Mistakes Were Made
We asked experts to name the financial aid blunders families tend to make. Here are the top 10 and how to avoid them
1. FAILING TO FILL OUT THE APPLICATION
The easiest way to come up short on financial aid is to not apply, a mistake that about 25 percent of undergraduates make. "A lot of people assume they won't qualify if their next-door neighbor said they didn't qualify or if their parents think back to the way it worked 25 years ago," says Mark Kantrowitz, publisher of Finaid.org, an online resource for financial aid.
Not only does that prevent you from receiving need-based financial aid; it also takes federal loans off the table. All students, regardless of need, can borrow up to $23,000 in federal Stafford loans over the course of their college education, starting at $2,625 their first year. The one catch? You have to fill out the Free Application for Federal Student Aid (FAFSA). The form asks for details about your family's income, savings, and other assets to determine how much you should be able to contribute toward college costs. That resulting number is called your expected family contribution, or EFC. Financial need is then calculated by subtracting the EFC from the school's cost of attendance.
That completed FAFSA can really come in handy if unforeseen circumstances arise midyear. "You may not need the money today, but anything can happen in the middle of the year, like divorce or the death of a parent," says Craig Munier, financial aid director of the University of Nebraska-Lincoln. "When that happens, we can adjust more quickly if you've applied." The FAFSA can be filled out online at www.fafsa.ed.gov.
2. SAVING IN YOUR CHILD'S NAME
When little Sally was born 17 years ago, you wisely started a savings account in her name, right? Now you hope her little stash will go a long way toward covering the astronomical costs of college.
Well, that money will certainly help, but not nearly as much as if you'd kept it in your own accounts. That's because the expected contributions are weighed differently for students and parents. Parents--with their myriad financial responsibilities--are expected to devote only 5.64 percent of their assets to college costs. Students, on the other hand, must fork over 35 percent. Say Sally has $30,000 saved. She'd be expected to contribute $10,500 this year, and her aid would be lower to reflect that. With that same amount, her parents would be expected to contribute only $1,692 toward her family's total EFC.

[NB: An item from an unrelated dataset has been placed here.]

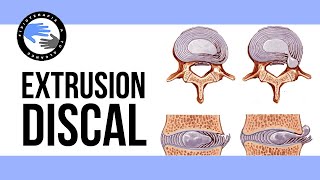 Extrusion discal ¿es realmente tan grave que es y porque se produce [upl. by Proctor5]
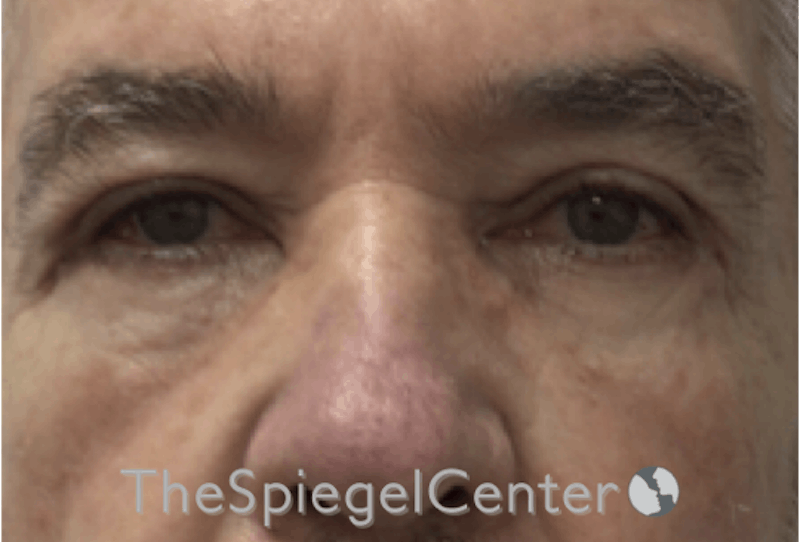 Blepharoplasty Before & After Gallery - Patient 698543 - Image 2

How can you undo what's been done? The money is legally your child's, and there could be restrictions on moving it into your bank account. "The only way to transfer the money is indirectly," says Kantrowitz. "In the first year, spend those assets to zero before touching the parents' money." Next year you'll qualify for more aid.
A better plan for your next child would be to put money in a 529 plan, which allows families of all incomes to contribute between $146,000 and $305,000, depending on the state, to a tax-deferred savings account and then withdraw money for education tax free.